* _Exercise objective_
Below are records that should be duplicated exactly, with no image retained.

Brief descriptive captions:
::::::::
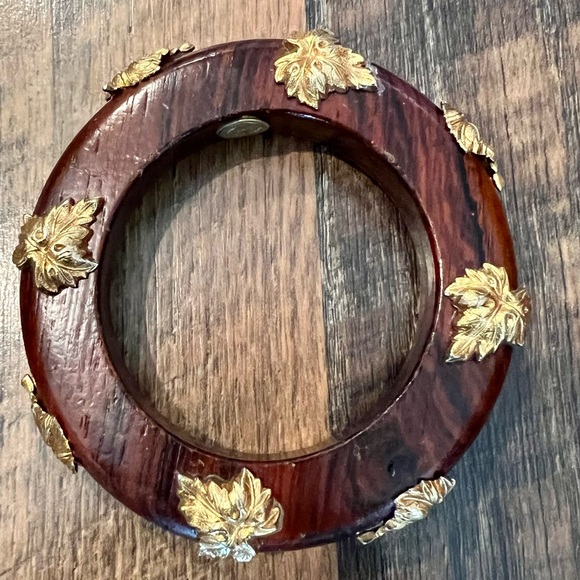 DOMINIQUE AURIENTIS Paris Vintage Wood Bangle with Leaf Motif - Picture 11 of 11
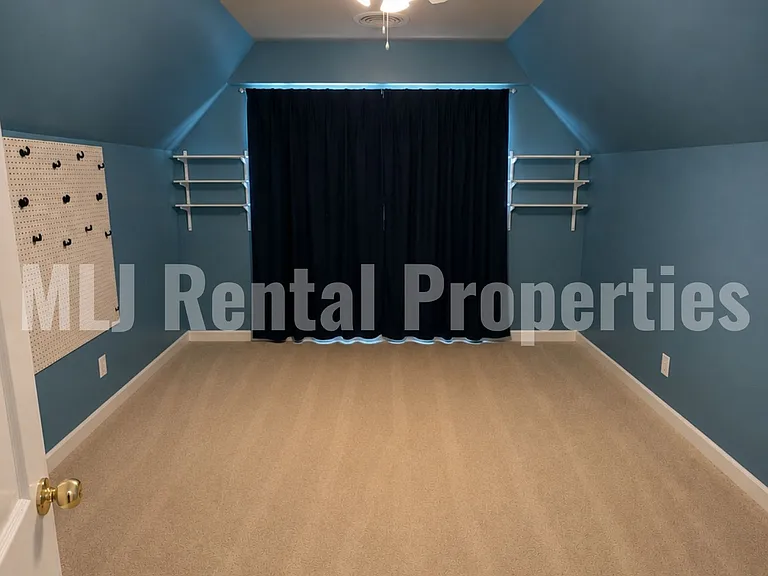 5881 S Irvington Ave — Photo 52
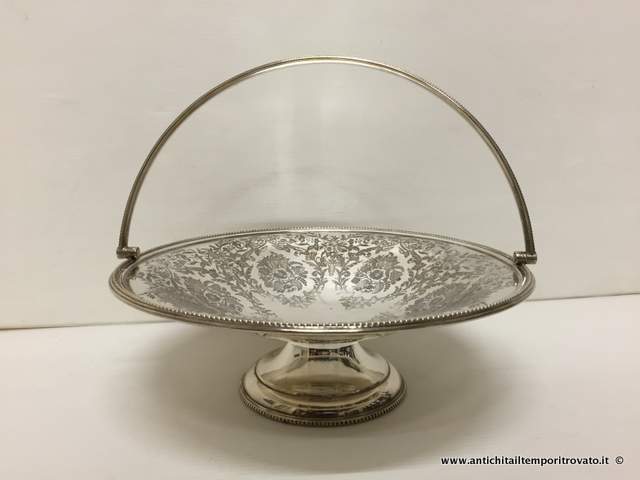 Sheffield d'epoca → Cestelli  → Antico cestello decorato con fiori

Elegante e solido cestello in silver plate (Ø27; h.9, h. con manico cm.24) poggiante su base rotonda (Ø11; h.5), con bordo e manico puntinato: all`interno, nel cavetto, è …

... continua ...

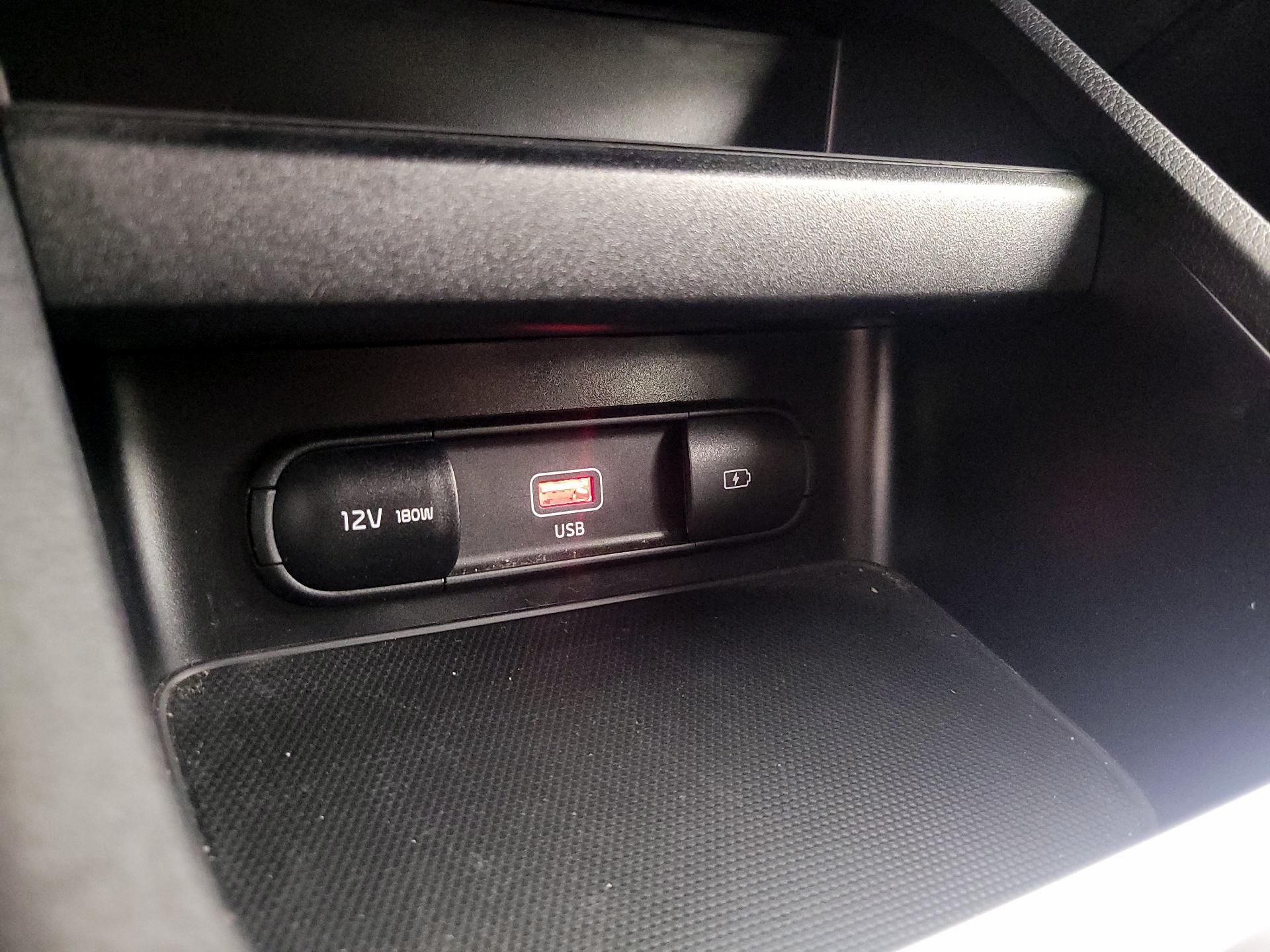 Thumbnail: 2024 Kia Forte - 18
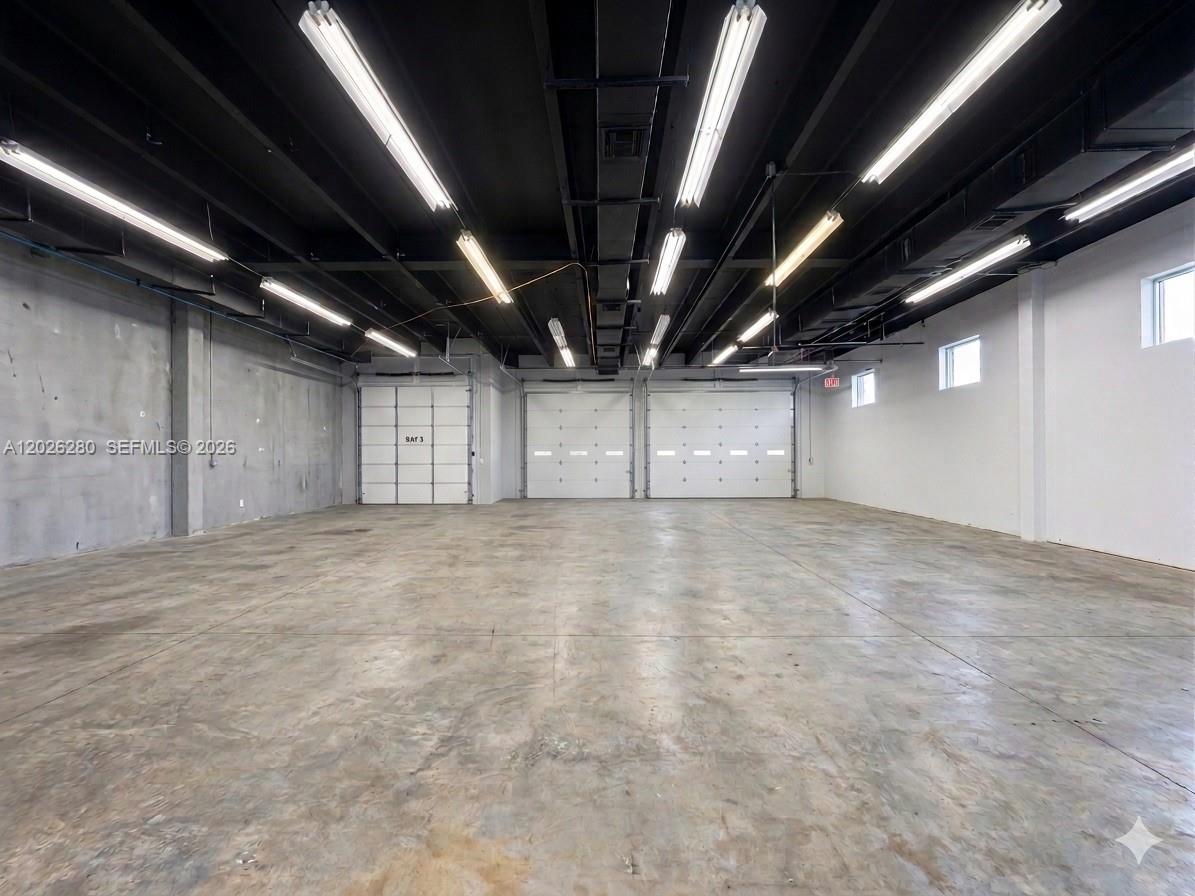 590 SW 9th Ter 9-11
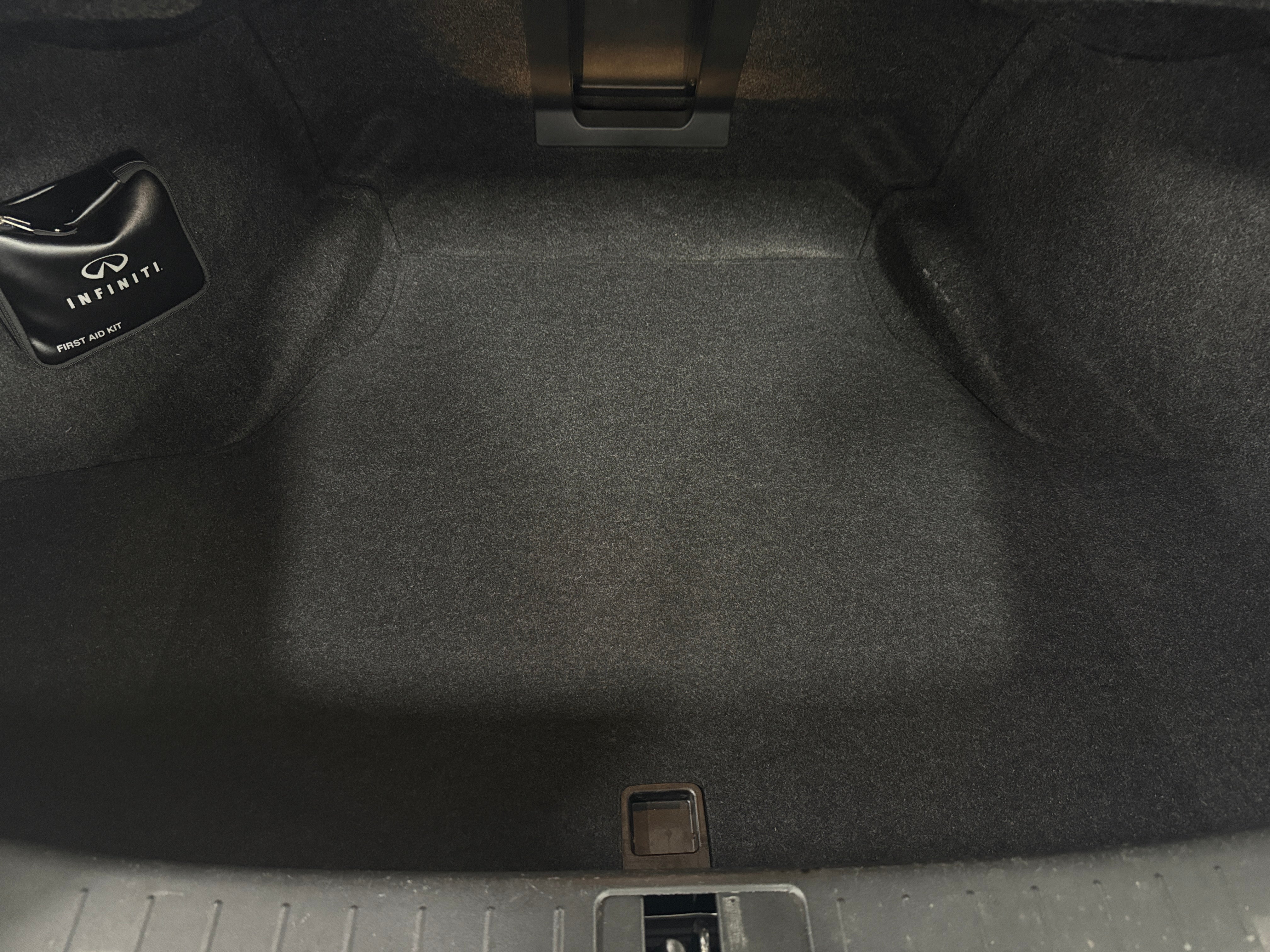 2013 INFINITI M 37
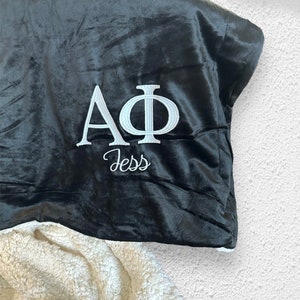 アルファファイ ソロリティ ブランケット / カスタムカラー ギリシャ刺繍 スローブランケット / ビッグリトルシスターギフト / 入会祝いギフト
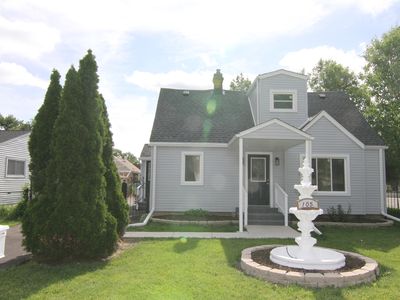 105 S Marilyn Ave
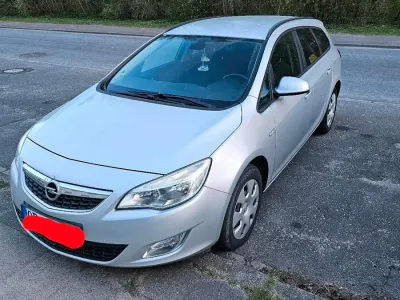 Usata Opel Astra 125 CV (91 kW) 2011 Argento Station wagon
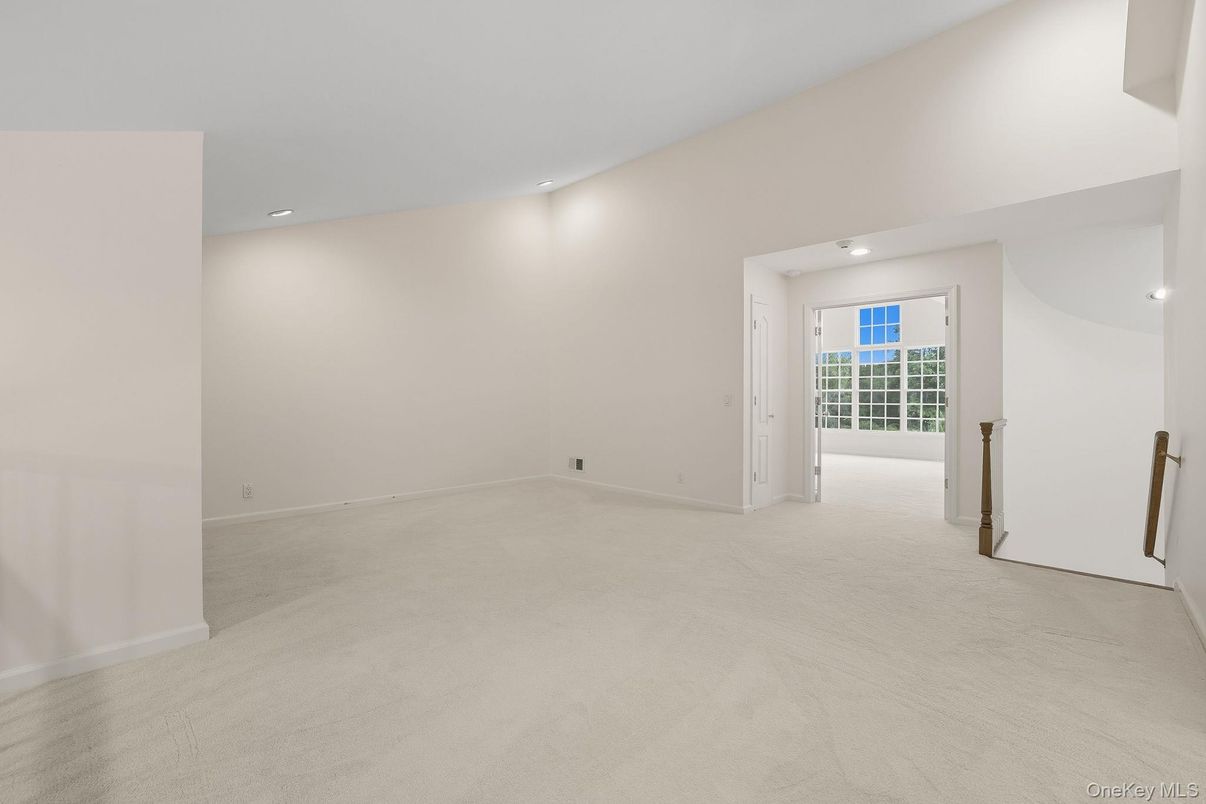 Empty room, Interior, Recessed Lighting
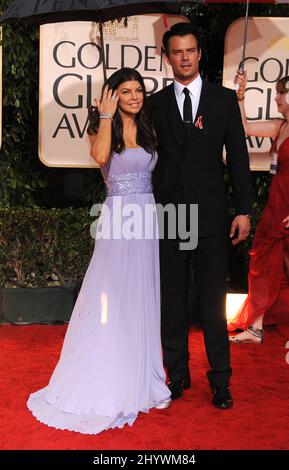 Stacy Ferguson und Josh Duhamel bei der Verleihung der Golden Globe Awards 67., die am 17. Januar 2010 im Beverly Hilton Hotel in Los Angeles, CA, USA, stattfand. Stockfoto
::::::::
* _Result below_
 DOMINIQUE AURIENTIS Paris Vintage Wood Bangle with Leaf Motif - Picture 11 of 11
 5881 S Irvington Ave — Photo 52
 Sheffield d'epoca → Cestelli  → Antico cestello decorato con fiori

Elegante e solido cestello in silver plate (Ø27; h.9, h. con manico cm.24) poggiante su base rotonda (Ø11; h.5), con bordo e manico puntinato: all`interno, nel cavetto, è …

... continua ...

 Thumbnail: 2024 Kia Forte - 18
 590 SW 9th Ter 9-11
 2013 INFINITI M 37
 アルファファイ ソロリティ ブランケット / カスタムカラー ギリシャ刺繍 スローブランケット / ビッグリトルシスターギフト / 入会祝いギフト
 105 S Marilyn Ave
 Usata Opel Astra 125 CV (91 kW) 2011 Argento Station wagon
 Empty room, Interior, Recessed Lighting
 Stacy Ferguson und Josh Duhamel bei der Verleihung der Golden Globe Awards 67., die am 17. Januar 2010 im Beverly Hilton Hotel in Los Angeles, CA, USA, stattfand. Stockfoto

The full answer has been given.